Insert perfomance issue

290 views
Skip to first unread message

Hanson Lu

unread,
Sep 29, 2012, 4:08:39 AM9/29/12
to mongod...@googlegroups.com
I did some tests for insert performance of MongoDB. It shows  insert performance is slower when collection have  index and SAFE write concern is set.

 Here is the test result 

   *  Inserting with no index and  safe write concern  not set 
       threads count      average speed 
       1                        10161
       2                        17519
         3                                15859
         (thread count means the concurrent inserting thread count)
        The speed seem is higher .
  *  Inserting with index and safe write concern not set 
       threads count      average speed 
       1                         6320
         2                                  6240

 * Inserting with index and safe write concern  set 
        threads count      average speed 
        1                       972
        2                       1530 
        5                       2573
 
 The data listed  seems normal?  the speed of inserting with index and safe write concern, is only 1/5 of that with  no index and no safe write concern.
 Is any way to speed up the  performance for inserting with  index and safe write concern condition?
 I only create two index for that collection.  

Regards
Hanson






Rob Moore

unread,
Sep 29, 2012, 2:44:13 PM9/29/12
to mongod...@googlegroups.com

Hanson,

Yes - there will be a huge impact to performance when moving from "NONE" to "SAFE" write concern. 

The reason for the impact is simple.  In the "NONE" case the driver simply gets the message on the wire and returns to the caller.  In the "SAFE" case you need to wait for the driver to respond to the insert.  The round trip latency is usually orders of magnitude longer than pushing the bytes into a socket even when connected to a MongDB server on the same machine.

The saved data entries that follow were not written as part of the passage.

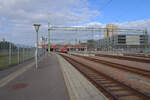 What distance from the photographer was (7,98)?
5551mm

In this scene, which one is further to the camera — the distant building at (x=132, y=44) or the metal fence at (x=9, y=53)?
the distant building at (x=132, y=44)

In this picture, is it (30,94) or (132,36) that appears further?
(132,36)

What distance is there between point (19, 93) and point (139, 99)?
194 inches

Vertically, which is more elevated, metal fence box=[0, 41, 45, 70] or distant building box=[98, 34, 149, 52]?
distant building box=[98, 34, 149, 52]

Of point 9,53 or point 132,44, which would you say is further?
point 132,44

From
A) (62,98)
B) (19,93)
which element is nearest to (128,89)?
(62,98)

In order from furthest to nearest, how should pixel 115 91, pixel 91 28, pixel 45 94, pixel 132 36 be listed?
pixel 132 36 < pixel 91 28 < pixel 115 91 < pixel 45 94

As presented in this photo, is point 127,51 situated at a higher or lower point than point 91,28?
lower

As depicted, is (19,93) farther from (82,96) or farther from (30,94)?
(82,96)

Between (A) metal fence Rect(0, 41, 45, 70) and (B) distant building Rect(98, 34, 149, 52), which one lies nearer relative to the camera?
(A) metal fence Rect(0, 41, 45, 70)

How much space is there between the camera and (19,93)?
20.3 feet

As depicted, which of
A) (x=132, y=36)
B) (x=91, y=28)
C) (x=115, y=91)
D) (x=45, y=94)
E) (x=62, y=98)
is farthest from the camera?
(x=132, y=36)

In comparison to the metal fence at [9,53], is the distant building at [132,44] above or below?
above

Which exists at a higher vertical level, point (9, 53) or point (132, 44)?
point (132, 44) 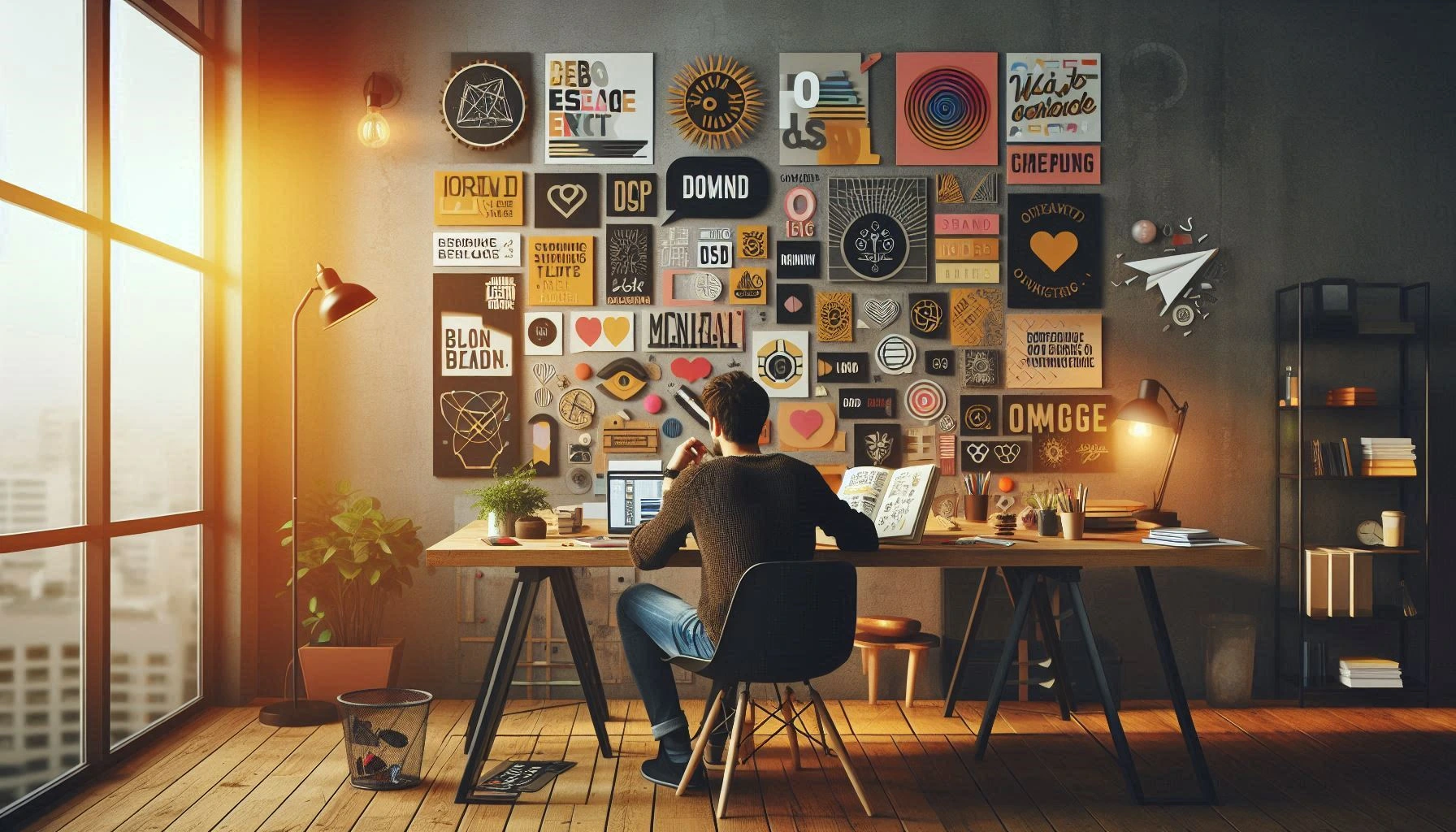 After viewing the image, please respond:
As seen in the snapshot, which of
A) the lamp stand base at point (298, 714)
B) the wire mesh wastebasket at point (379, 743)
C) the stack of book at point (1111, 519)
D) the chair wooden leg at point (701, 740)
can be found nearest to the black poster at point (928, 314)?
the stack of book at point (1111, 519)

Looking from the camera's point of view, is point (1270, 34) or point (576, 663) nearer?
point (576, 663)

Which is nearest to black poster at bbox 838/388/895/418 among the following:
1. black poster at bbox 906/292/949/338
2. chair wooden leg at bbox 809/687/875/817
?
black poster at bbox 906/292/949/338

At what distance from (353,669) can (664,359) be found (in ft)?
6.22

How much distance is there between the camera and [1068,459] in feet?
15.4

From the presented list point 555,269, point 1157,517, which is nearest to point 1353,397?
point 1157,517

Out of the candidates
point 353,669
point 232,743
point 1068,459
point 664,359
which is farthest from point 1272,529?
point 232,743

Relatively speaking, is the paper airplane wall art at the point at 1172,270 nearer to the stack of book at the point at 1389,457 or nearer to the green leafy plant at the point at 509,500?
the stack of book at the point at 1389,457

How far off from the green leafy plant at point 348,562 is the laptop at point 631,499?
1301 mm

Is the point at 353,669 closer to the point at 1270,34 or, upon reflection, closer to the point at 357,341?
the point at 357,341

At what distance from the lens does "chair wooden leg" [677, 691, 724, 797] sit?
10.4 ft

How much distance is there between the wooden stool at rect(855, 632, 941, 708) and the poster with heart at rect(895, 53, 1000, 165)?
2.12m

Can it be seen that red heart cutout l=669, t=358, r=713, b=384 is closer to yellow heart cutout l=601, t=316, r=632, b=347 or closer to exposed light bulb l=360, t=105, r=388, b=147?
yellow heart cutout l=601, t=316, r=632, b=347

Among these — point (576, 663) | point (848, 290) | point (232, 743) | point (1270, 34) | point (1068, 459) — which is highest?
point (1270, 34)

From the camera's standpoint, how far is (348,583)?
4422 mm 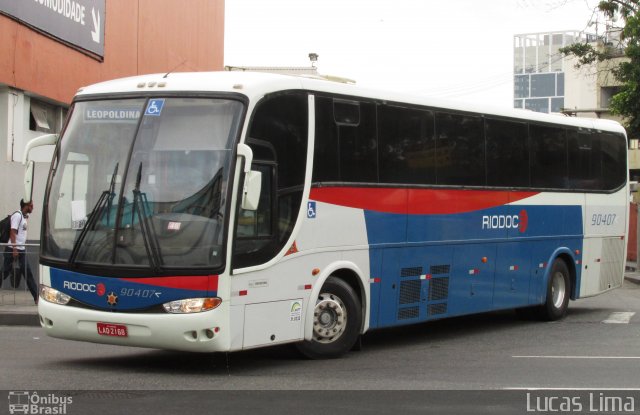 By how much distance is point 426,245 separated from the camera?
526 inches

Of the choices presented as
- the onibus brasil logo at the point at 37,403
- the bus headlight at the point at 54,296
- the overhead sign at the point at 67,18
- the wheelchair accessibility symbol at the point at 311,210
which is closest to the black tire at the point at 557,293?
the wheelchair accessibility symbol at the point at 311,210

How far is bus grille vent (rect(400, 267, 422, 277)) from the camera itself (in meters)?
12.9

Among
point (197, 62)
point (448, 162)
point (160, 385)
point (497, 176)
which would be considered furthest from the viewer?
point (197, 62)

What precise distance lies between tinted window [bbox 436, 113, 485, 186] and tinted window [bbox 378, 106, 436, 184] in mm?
220

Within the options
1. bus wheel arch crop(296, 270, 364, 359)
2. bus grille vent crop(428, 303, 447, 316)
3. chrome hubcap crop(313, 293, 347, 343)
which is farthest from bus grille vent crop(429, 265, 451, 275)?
chrome hubcap crop(313, 293, 347, 343)

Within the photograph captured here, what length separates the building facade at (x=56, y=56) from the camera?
1995 centimetres

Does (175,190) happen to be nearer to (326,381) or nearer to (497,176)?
(326,381)

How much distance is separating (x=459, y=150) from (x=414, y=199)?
4.47 feet

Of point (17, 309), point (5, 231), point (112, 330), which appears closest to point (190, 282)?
point (112, 330)

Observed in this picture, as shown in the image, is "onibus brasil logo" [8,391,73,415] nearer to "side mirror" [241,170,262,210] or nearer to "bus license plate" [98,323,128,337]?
"bus license plate" [98,323,128,337]

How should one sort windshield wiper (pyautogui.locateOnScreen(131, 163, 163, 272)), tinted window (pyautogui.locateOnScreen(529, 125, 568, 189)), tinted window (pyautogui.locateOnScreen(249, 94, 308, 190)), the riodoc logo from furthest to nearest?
tinted window (pyautogui.locateOnScreen(529, 125, 568, 189))
the riodoc logo
tinted window (pyautogui.locateOnScreen(249, 94, 308, 190))
windshield wiper (pyautogui.locateOnScreen(131, 163, 163, 272))

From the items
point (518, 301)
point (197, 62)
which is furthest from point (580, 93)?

My team has written a new Java driver to allow developers to overcome this exact problem by using asynchronous method calls.  To get the full benefit the developer needs to do some work to either handle responses via a callback or defer processing results via a Future. 
     http://www.allanbank.com/mongodb-async-driver/

We have run a custom micro-benchmark to show the relative performance on using the different write concerns.  (For our driver Durability is the same as the 10gen's WriteConcern and we call "SAFE", "ACK" since we feel that is a more descriptive name.)
    http://www.allanbank.com/mongodb-async-driver/performance/performance.html

In addition, the way the 10gen driver only allows a single thread use a connection causes scalability problems as demonstrated using the YCSB.  Our driver does not have the same scalability problems since multiple threads can be using a single connection concurrently.
    http://www.allanbank.com/mongodb-async-driver/performance/ycsb.html

If you have a specific question about using our driver feel free to ask on this list or via direct email.

Rob.

Osmar Olivo

unread,
Oct 1, 2012, 3:34:00 PM10/1/12
to mongod...@googlegroups.com
So a few different things are going on when you perform an insert, and it is also very important to know the details of write concern.

1. Write Concern
When you set a safe write concern, the application blocks and waits for a response from the server confirming that it received the insertion command. When you do not set a write concern, the application just sends the message and returns, not awaiting any response from the server (you can think of it as fire and forget from an application perspective). So, to be clear, it is not that inserting without a write concern is "faster" but rather that it does not wait for confirmation that data has been written and returns so it does not have to deal with server processing time and network latency of the messages.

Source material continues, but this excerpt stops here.